しかし、三陸沿岸道など岩手県内の計画が練られたのは一九七〇年代後半。現在でも生活道路としてつながっており、財務省幹部は「造っても利用者が少ないとみて長年放置されてきた区間が含まれている」と明かす。

それなのに、震災後は復興道路の名目で、本年度は三陸沿岸道に千二十一億円、宮古盛岡横断道路に百十三億円、東北横断自動車道釜石秋田線に百十四億円の予算が付いた。三陸沿岸道の全線開通までの事業費は一兆円ほどを見込む。

一方、沿岸部から三十キロほど内陸の岩手県一関市や奥州市にまたがる北上山地では、国際協力で進められる巨大実験施設「国際リニアコライダー」の 誘致に県などが動きだした。地下約百メートルに最大で全長五十キロのトンネルを建設し、宇宙誕生直後の状態を再現する。二〇一〇年代後半の工事開始を目指 す。

施設建設だけでも日本の負担は四千億円の見通し。二十年来の誘致構想だが、従来は予算不足が壁だった。一関商工会議所の幹部は「復興予算との合わせ技でなければ計画は実現しない」と説明。県の担当者も「予算の名目は何でもいい」と誘致実現を期待する。

ただ、地元の反応は歓迎ばかりではない。一関市内で商店を経営する女性(52)は「街は活気づくだろうけれど、ここが被災地かと言われればそうと は思わない。復興とは違う気がする」と冷ややかだ。岩手県大船渡市の復興計画に携わる神戸大の塩崎賢明名誉教授は「出来上がったインフラを維持管理するの は自治体だから、甘い見通しで身の丈を超えた公共事業に取り組むのは被災地にとって危険だ。担当が数年で代わる役人は結果の責任をとらない」と述べる。

住民不在の復興で公共事業が加速した状況は、阪神大震災後の神戸市でも顕著だった。「創造的復興」を合言葉に開港にこぎつけた神戸空港は、利用者数 が需要予測に届かない。二千七百億円を投じた神戸市長田区の再開発エリアは、店舗が少なく閑散とした「ゴーストタウン」と呼ばれている。

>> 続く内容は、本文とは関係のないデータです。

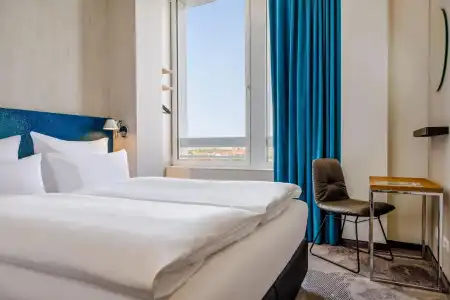 Motel One München-Campus - 1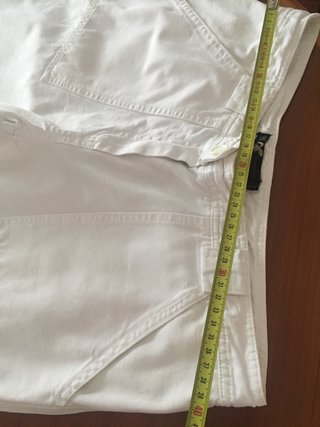 Pantalón pirata blanco. Regalo blusa de rayitas.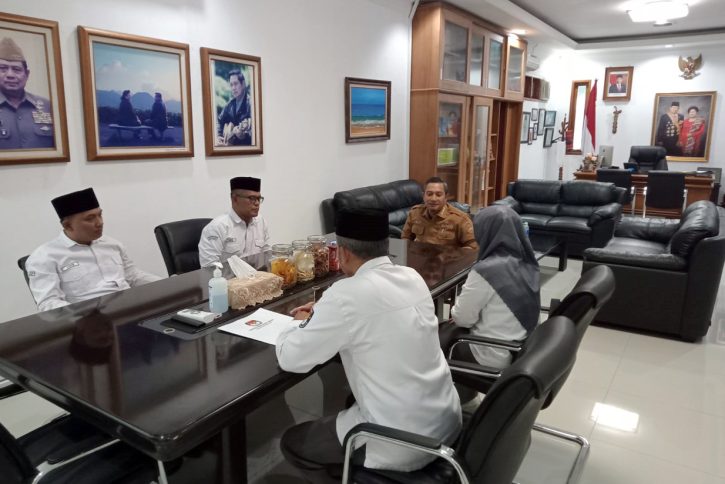 Koordinasi dengan Bupati Pacitan sebagai persiapan menyambut estafet Kirab Pemilu Tahun 2024 di Kabupaten Pacitan, dari KPU Ponorogo.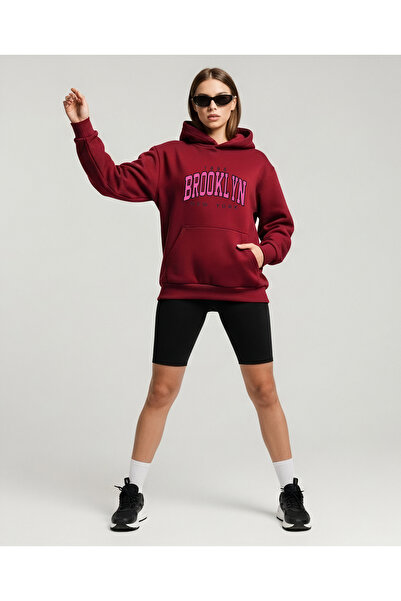 Vooya Fashion سويت شيرت بقلنسوة كبير الحجم مطبوع عليه نص بروكلين للجنسين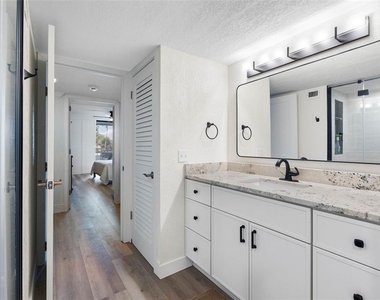 1400 Gulf Boulevard - Photo Thumbnail 34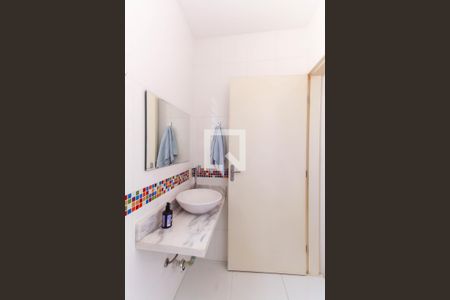 Casa à venda com 349m², 4 quartos e 2 vagas Casa à venda com 349m², 4 quartos e 2 vagasBanheiro da Suíte 1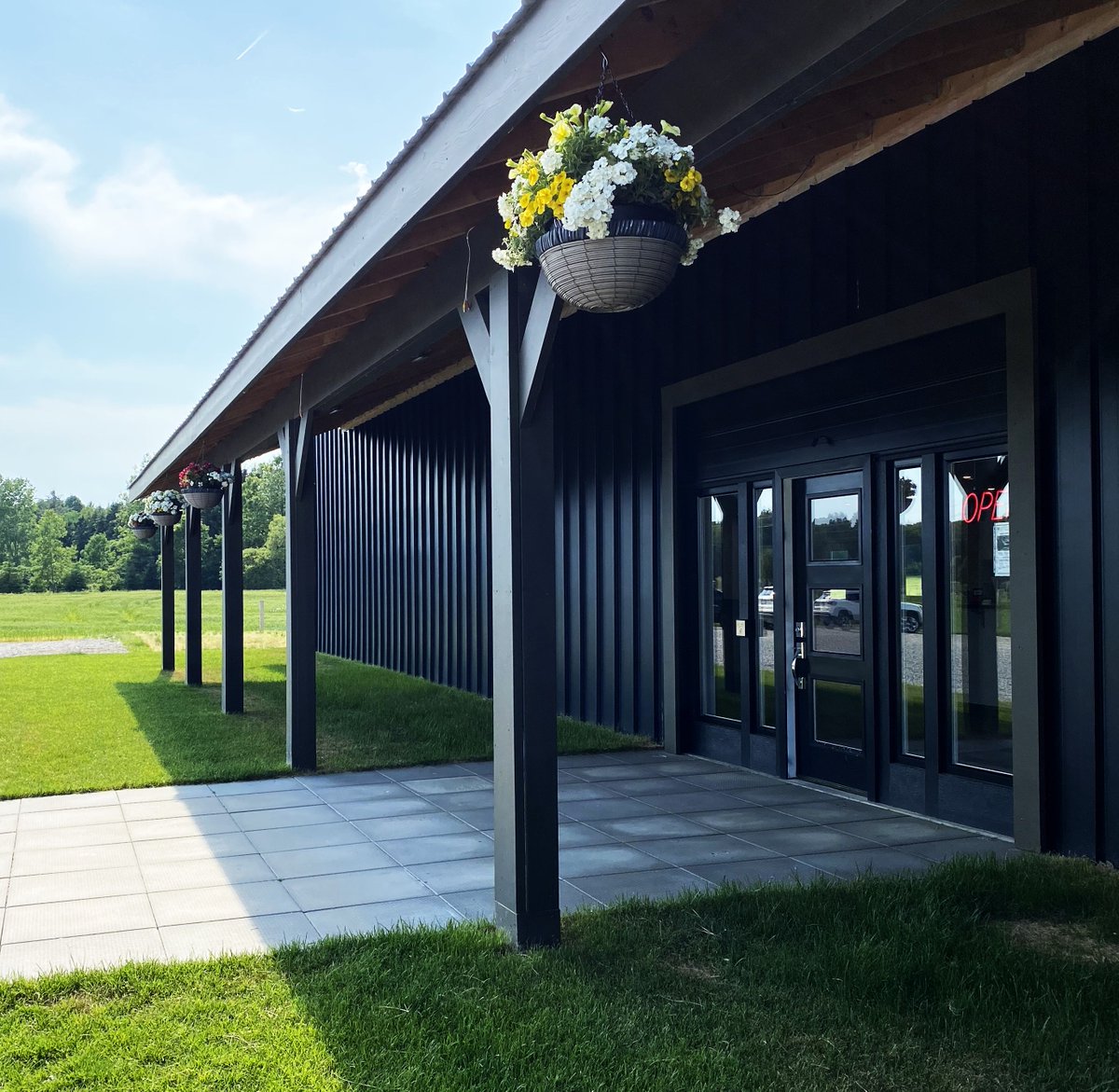 Spring is in 18 days!! 😍
Our Frisky Beavers are looking forward to live music, flowing wine, David's food truck, and of course...patio weather 🍷🧀⛱
Keep an eye out for some special things we have in the works for this summer 😉
@davidsrestaurantportdover  #shopnorfolkcounty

震災復興予算に詳しい早稲田大学の原田泰教授は「神戸復興の惨状をみれば、効果のないことに税金を使うより、元の状態に戻す復旧を目指すべきだ」と指摘する。

東日本大震災では一一年度からの五年間で「少なくとも十九兆円」の復興予算が組まれ、そのうち十兆円は来年一月から二十五年間にわたる所得税増税などでまかなわれる。